### YOUR GOAL
What is needed is an exact copy of the whole listing below, with no pictures.

### COLLECTED MATERIAL
= = = = = = =
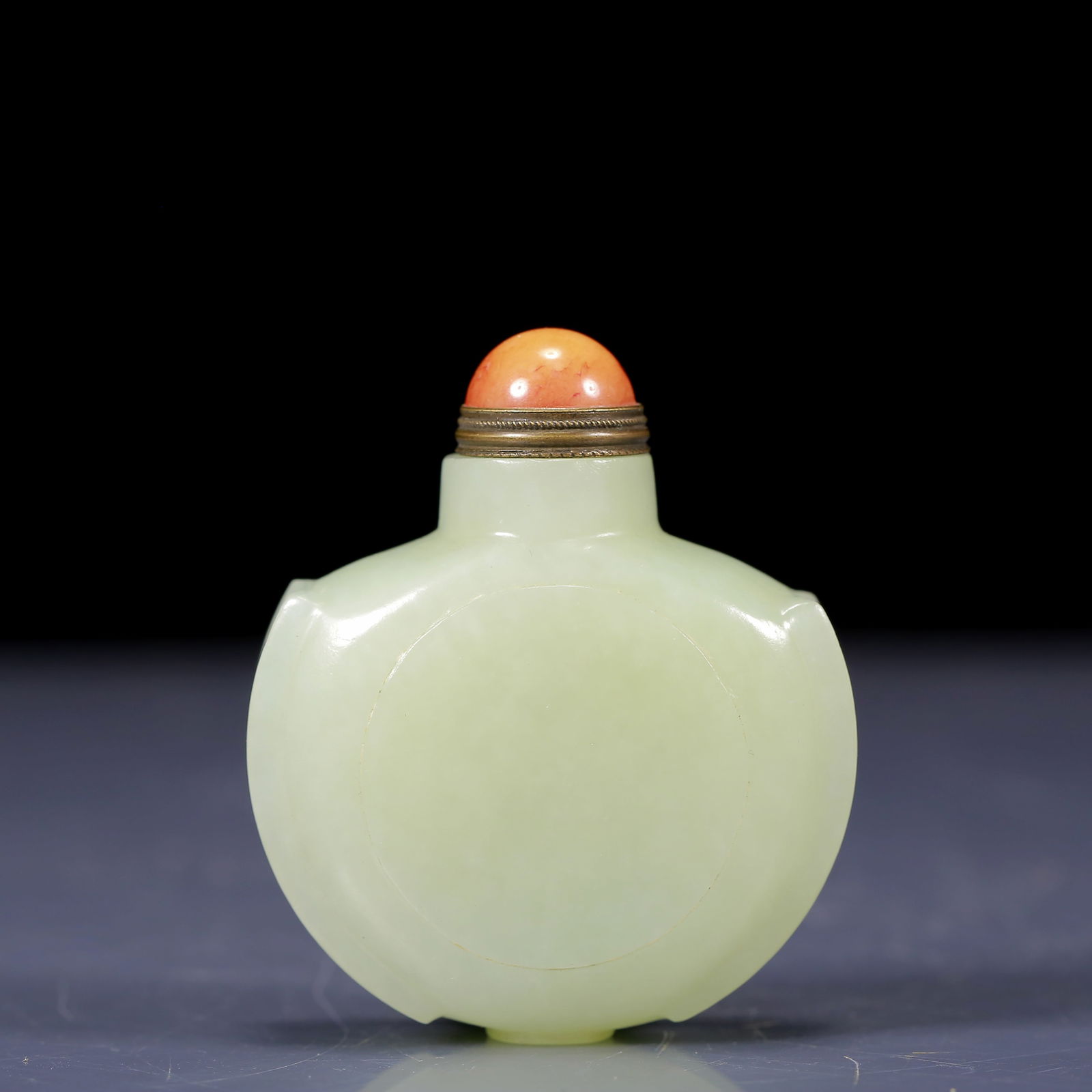 An Exquisite Greenish Jade Snuff Bottle (1 of 6)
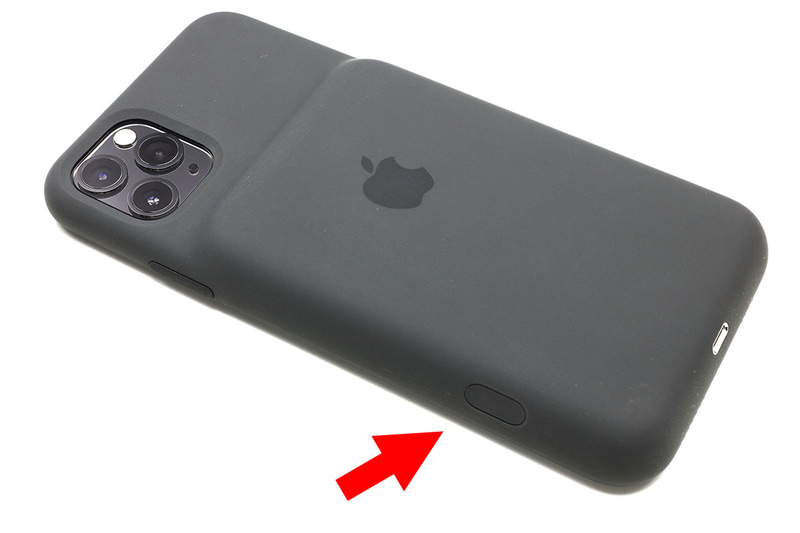 iPhone 11のスリープボタンの下方に位置するのがカメラボタン。指先の感触で位置を確認できる程度、少し凹んでいます。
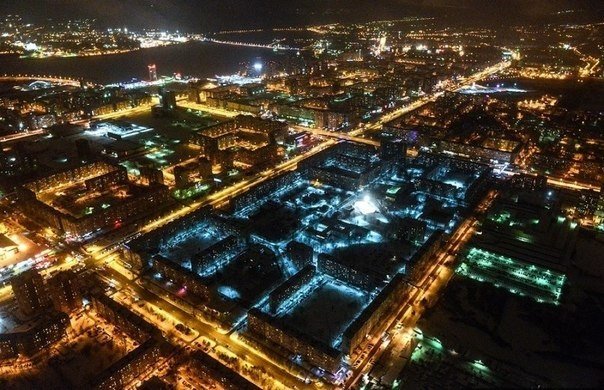 Казань — это место, где мирно сосуществуют запад и восток, христианство и ислам, старая архитектура и новая, невероятный город!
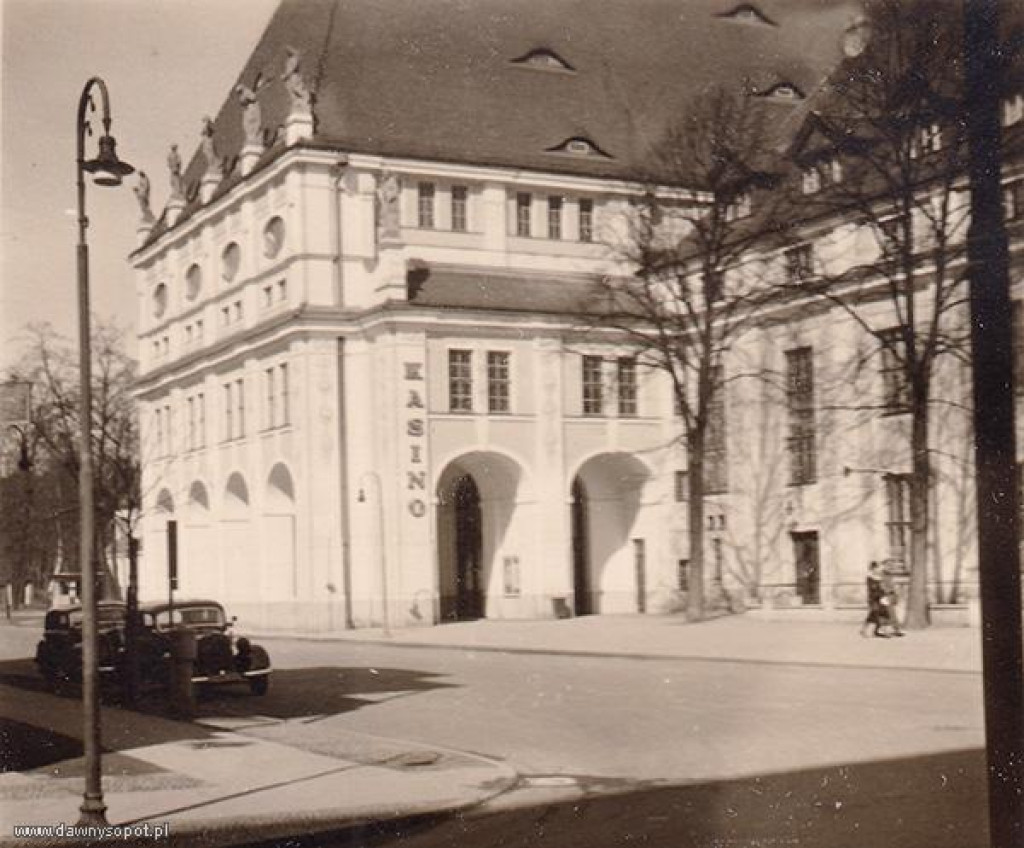 Ludzie tracili tu fortuny! Zobacz, jak przed wojną wyglądało sopockie kasyno [FOTO]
= = = = = = =
### SOLUTION FOR THIS PROBLEM
 An Exquisite Greenish Jade Snuff Bottle (1 of 6)
 iPhone 11のスリープボタンの下方に位置するのがカメラボタン。指先の感触で位置を確認できる程度、少し凹んでいます。
 Казань — это место, где мирно сосуществуют запад и восток, христианство и ислам, старая архитектура и новая, невероятный город!
 Ludzie tracili tu fortuny! Zobacz, jak przed wojną wyglądało sopockie kasyno [FOTO]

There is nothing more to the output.